Defending themselves, Penn and Mead had both asked for and received assurances that they would receive “Liberty in making [their] defence.” Despite this, when they repeatedly asked for a statement of the law upon which they were charged, both Penn and Mead were thrown in the bale-dock, a cage under floor level at one end of the courtroom from which the defendant could be heard if shouting, but could not be seen by the jury. At one point, Howel threatened to have Mead’s tongue cut out.

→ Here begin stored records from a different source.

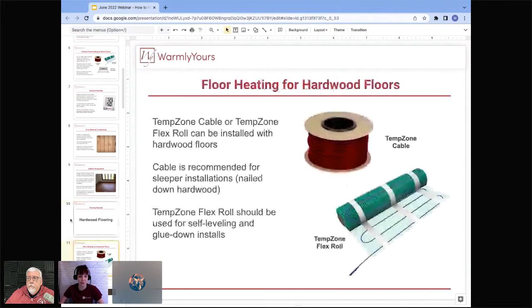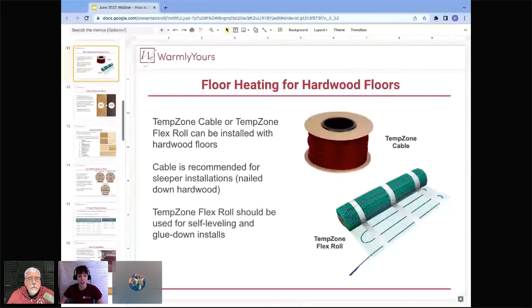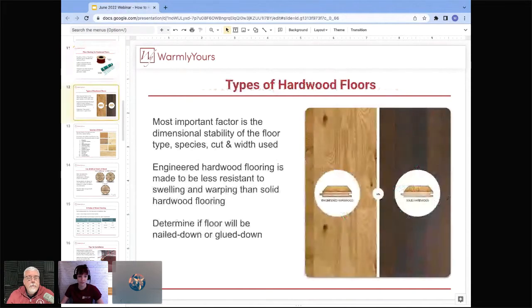For hardwood, we recommend TempZone cable or TempZone flex roll depending on the installation type. For nailed hardwood, use TempZone cable run between sleepers. For a glued-down installation with self-leveling, TempZone flex roll is the best product because it's faster — just roll it out, cut and turn. Never cut the heating cable itself; when cutting and turning the TempZone flex roll, you are cutting only the mesh. Never shorten the heating cable.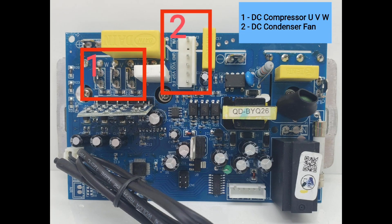This is the outdoor PCB. Number 1, DC compressor UVW connection terminals. Number 2, DC condenser fan motor.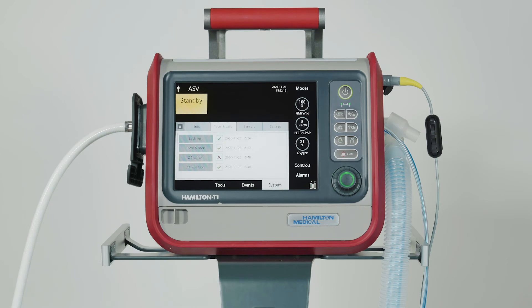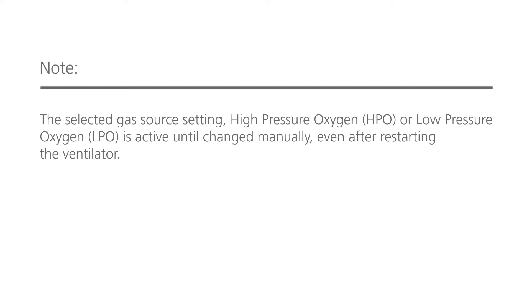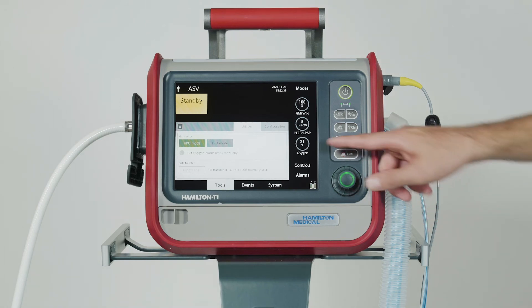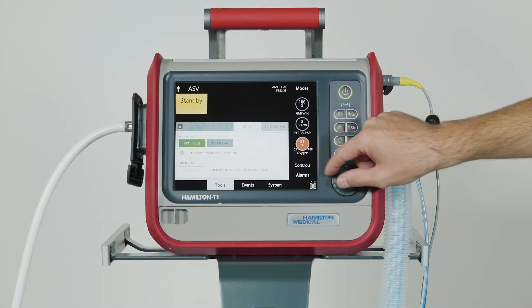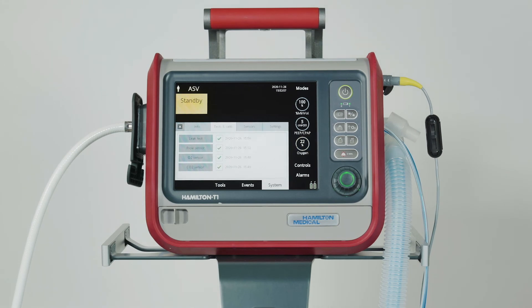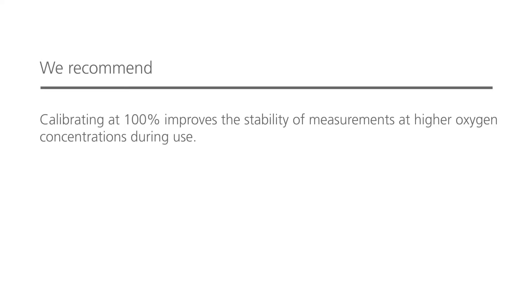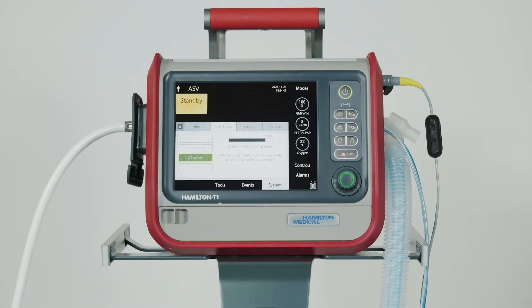First, select the appropriate oxygen source and make sure oxygen monitoring is enabled. To calibrate the sensor with 100% oxygen in standby, set the oxygen control to 22% or higher. The high pressure gas source needs to be connected. When calibration is complete, you should see a green check mark in the O2 sensor checkbox.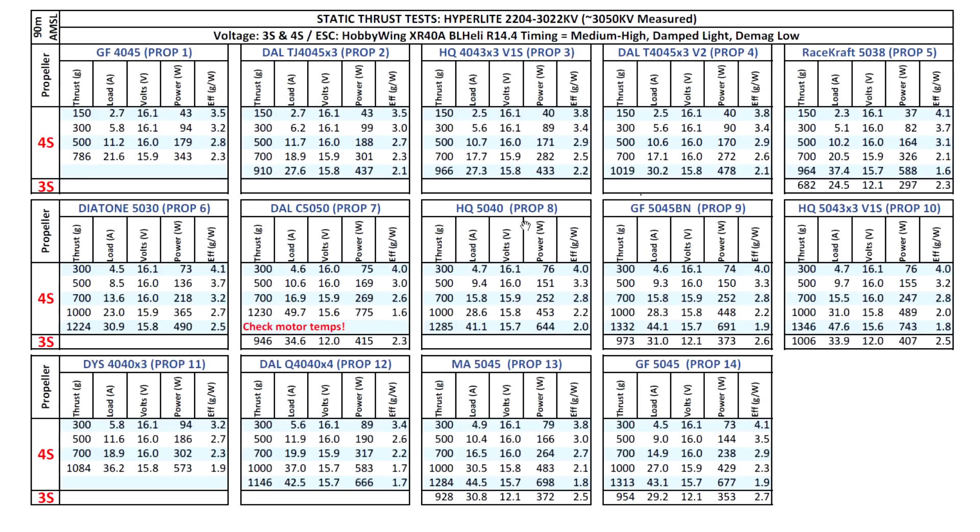The 5030 and 5040 props match pretty well - good thrust at reasonable amps. Keep in mind these are static thrusts, so the amperage in the air will be 35-40% lower - quite manageable. With the HQ 5043 we see a decent 1300 grams. If you recall, when testing 2205s and 2206s, 1300 grams was a sign of a capable motor - so having a 2204 hit those same numbers is impressive, of course thanks to the high KV. The amps do climb, though, and the 5043 may run through the battery quite fast.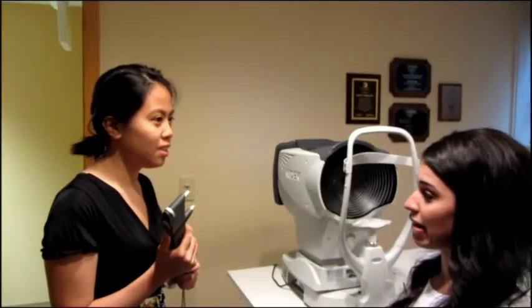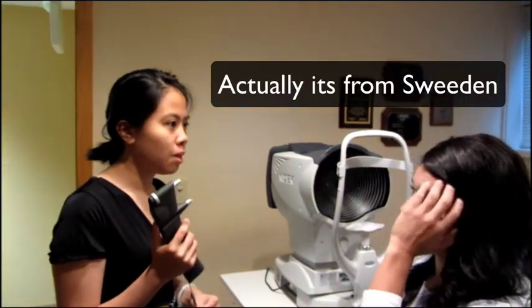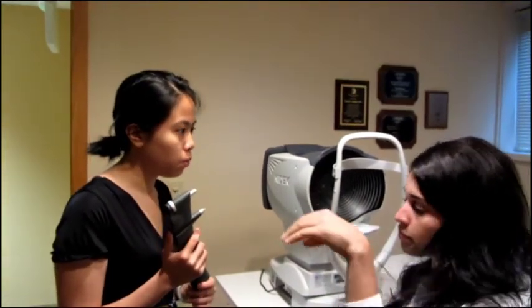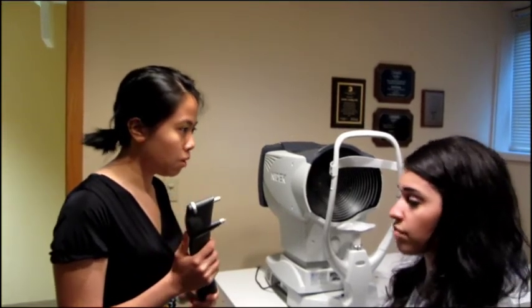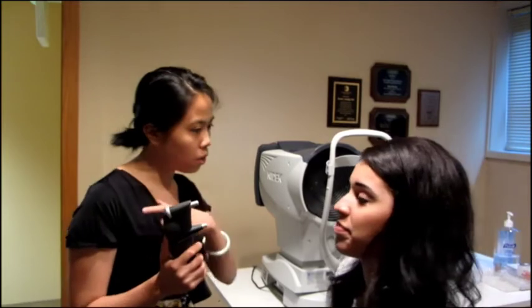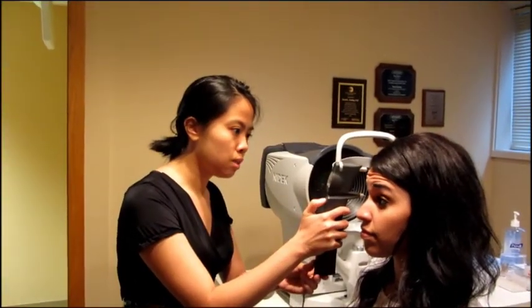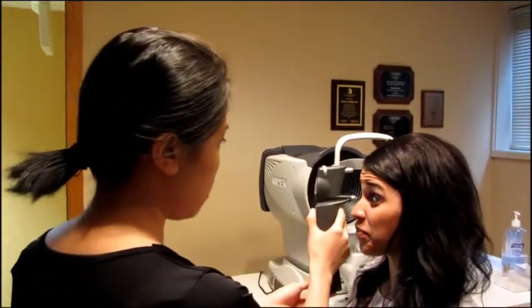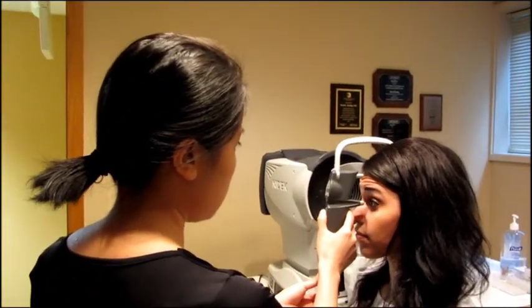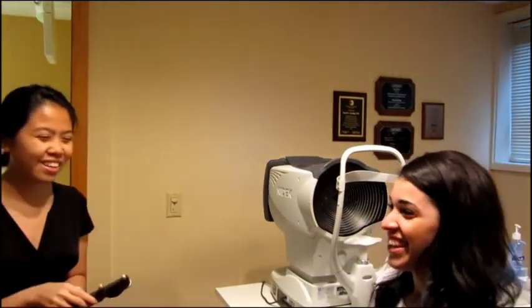So this machine is used to measure the pressure of your eye. It's a machine from Finland, and that makes it so that we can get the pressure without a puff of air. I'm going to get really close, but don't worry — there won't be a puff of air, it'll just be a soft touch. Go ahead and look over my shoulder. [Performs measurement on first eye.] Good job. Now I'm going to do your other eye — look over my shoulder. [Performs measurement on second eye.] Great job, all done. Thank you.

The jury came back the first time after an hour and a half split eight to four, with Edward Bushell in the group of four dissenters. The panel of judges threatened Bushell with indictment and one threatened to put a mark upon him, before sending the jury back for more consideration. The next time the jury came back, they had a unanimous decision and delivered it for William Penn as, “Guilty of Speaking in Gracious-Street.” The judges refused this verdict and, after more threats, sent the jury back for more deliberation. A half hour later, the jury returned with a written, signed verdict, repeating Penn’s verdict, and declaring Mead not guilty.
The judges refused to accept the verdict, despite Penn’s protests. Howel declared that the jury should be locked up “without Meat, Drink, Fire, and Tobacco” until the jury returned a verdict that the court would accept. As the jury left the room, Penn told them, “You are Englishmen, mind your priviledge, give not away your Right.” Bushell and others replied, “Nor will we ever do it.” The jury was kept all night as Howel had instructed, and was even denied a chamber-pot.
In the morning, the jury repeated their verdict once again. Penn asked if the Recorder accepted the verdict given for Mead, but Howel said, “It cannot be a Verdict, because you are indicted for a Conspiracy; and one being found not guilty, and not the other, it could not be a Verdict.” After the jury was sent out once again and returned again with the same verdict, Lord Mayor Starling threatened to cut Edward Bushell’s nose. Howel stated, “Till now I never understood the Reason of the Policy and Prudence of the Spaniards, in suffering the Inquisition among them: And certainly it will never be well with us, till something like the Spanish Inquisition be in England.” The jury was then locked up in Newgate prison for another night with “several sworn” to deny them food, drink, fire, tobacco, and toilet facilities.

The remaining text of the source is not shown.